Task goal - Pictures are to be left out, and every entry repeated exactly.

Data for analysis -
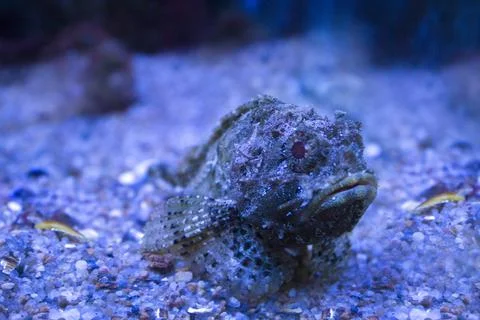 Small perch fish underwater closeup Stock Photos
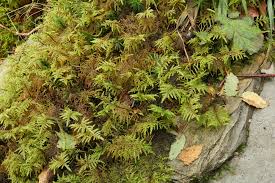 Attēlu rezultāti vaicājumam “Hylocomium splendens sporophyte”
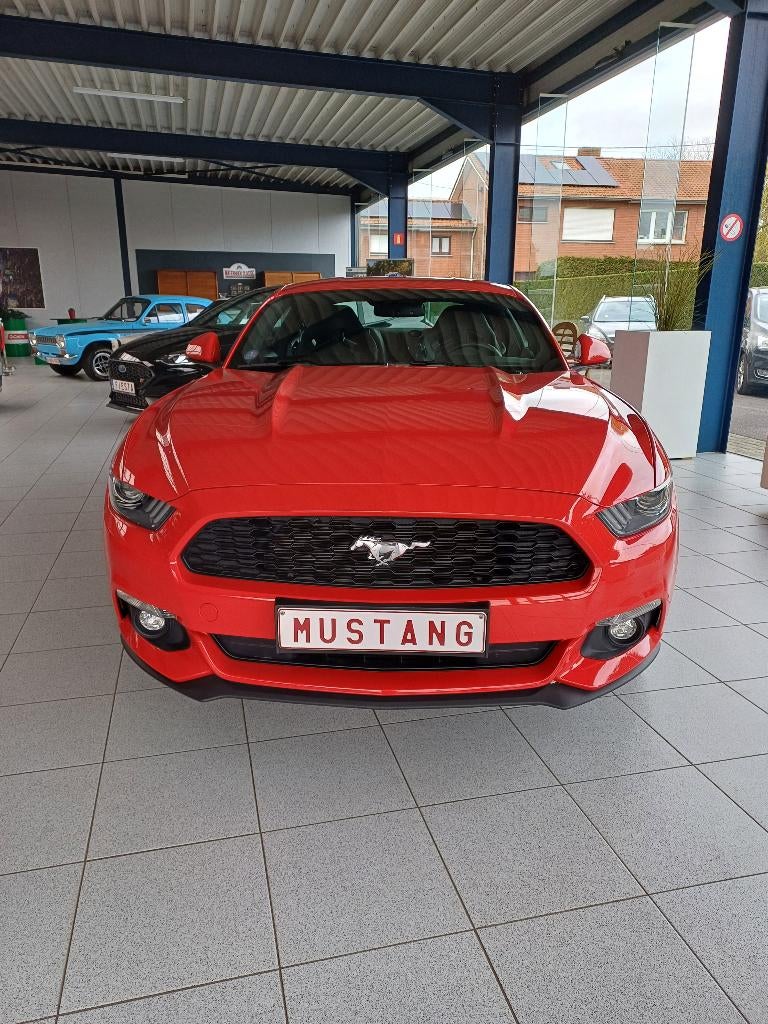 Ford Mustang Coupé, Voorwielaandrijving, 4 zetels, 4 cilinders, 233 kW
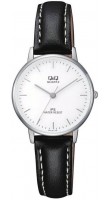 Q&Q QZ01-301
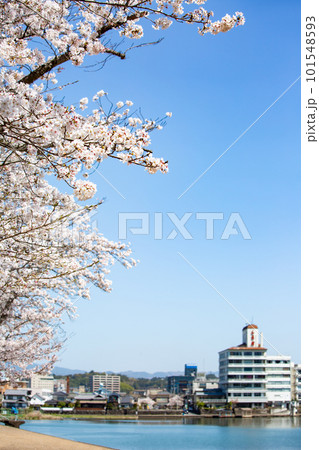 三隈川公園の満開の桜と日田の川沿いの風景 三隈川公園の満開の桜と日田の川沿いの風景 101548593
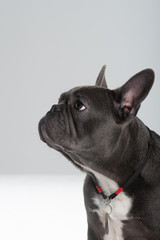 Fototapeta na wymiar French bulldog portrait in studio enjoing posing at profile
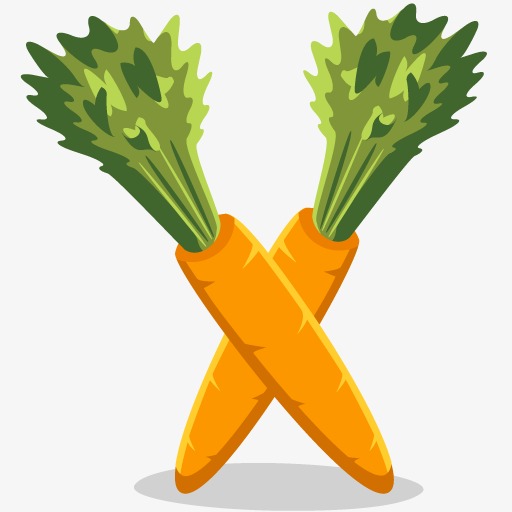 carrot clipart two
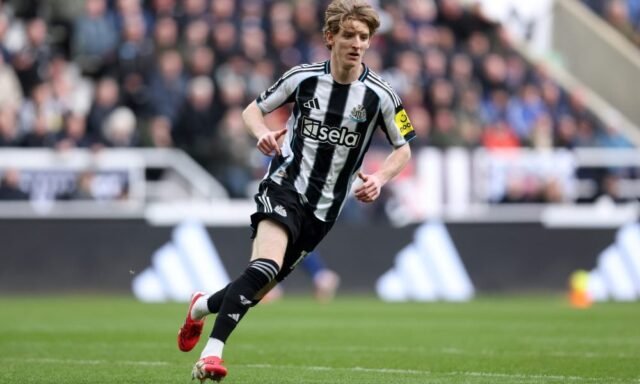 newcastle-united-v-everton-premier-league-1000x600.jpg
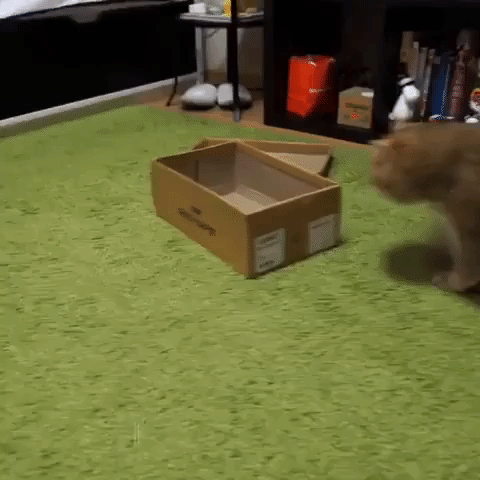Adorable Kitten Plays With New Box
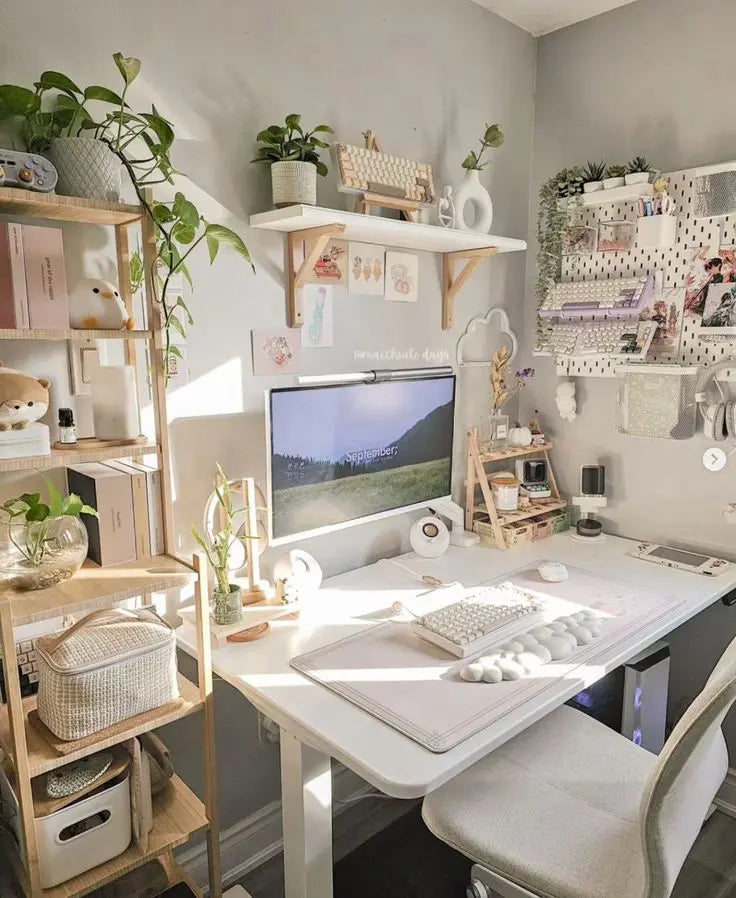 Desk Fidgets & Focus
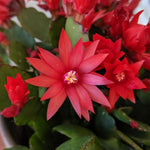 Red Easter Cactus Plants Live, 4 to 6 Inch Tall Easter Cactus Plants Live Indoor Garden, Live Easter Cactus Flower Plant, Spring Cactus Live Houseplant, Easter Cactus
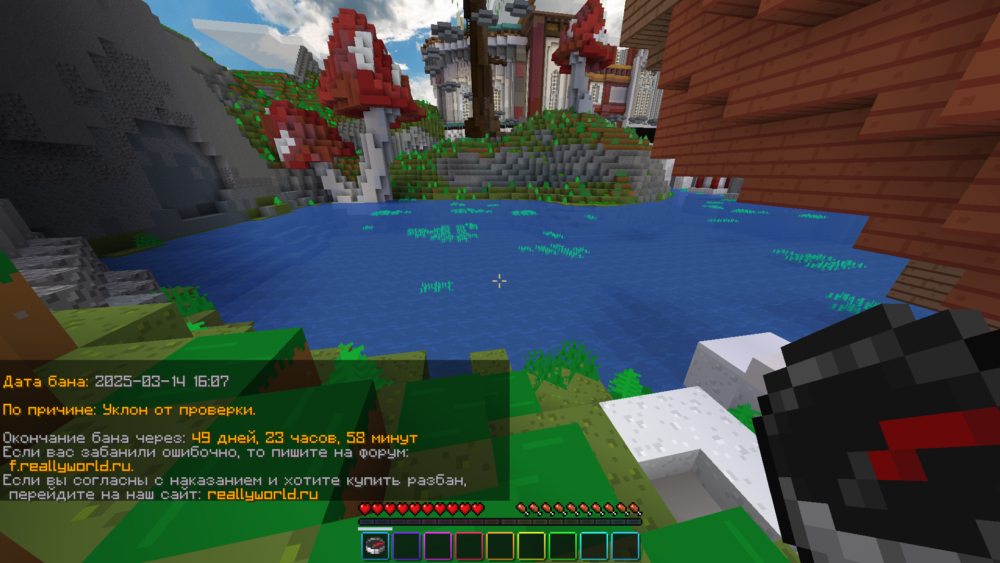 catlavan Screenshot 2025.03.14 - 15.08.43.12.png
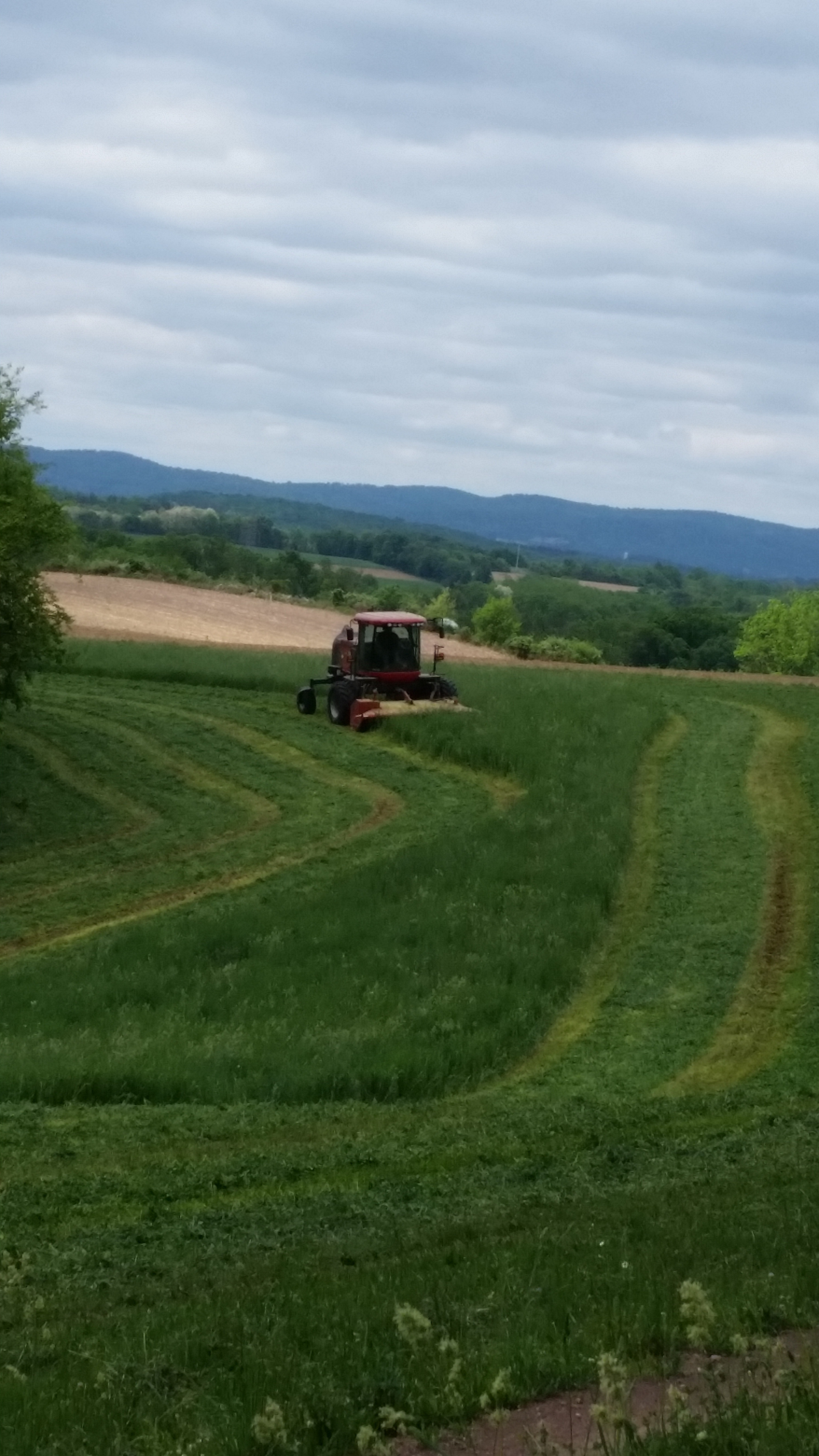 Tractor cutting hay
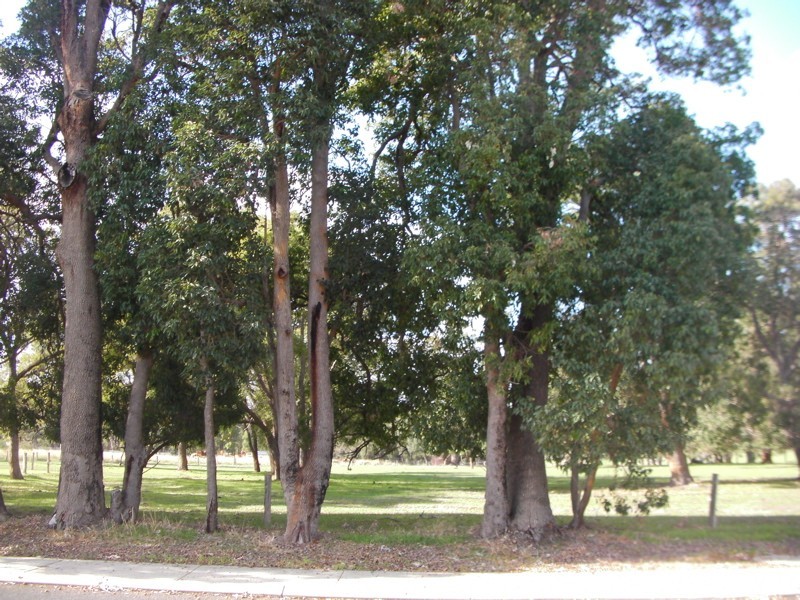53 Recreation Road, Waroona WA 6215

Task output -
 Small perch fish underwater closeup Stock Photos
 Attēlu rezultāti vaicājumam “Hylocomium splendens sporophyte”
 Ford Mustang Coupé, Voorwielaandrijving, 4 zetels, 4 cilinders, 233 kW
 Q&Q QZ01-301
 三隈川公園の満開の桜と日田の川沿いの風景 三隈川公園の満開の桜と日田の川沿いの風景 101548593
 Fototapeta na wymiar French bulldog portrait in studio enjoing posing at profile
 carrot clipart two
 newcastle-united-v-everton-premier-league-1000x600.jpg
Adorable Kitten Plays With New Box
 Desk Fidgets & Focus
 Red Easter Cactus Plants Live, 4 to 6 Inch Tall Easter Cactus Plants Live Indoor Garden, Live Easter Cactus Flower Plant, Spring Cactus Live Houseplant, Easter Cactus
 catlavan Screenshot 2025.03.14 - 15.08.43.12.png
 Tractor cutting hay
53 Recreation Road, Waroona WA 6215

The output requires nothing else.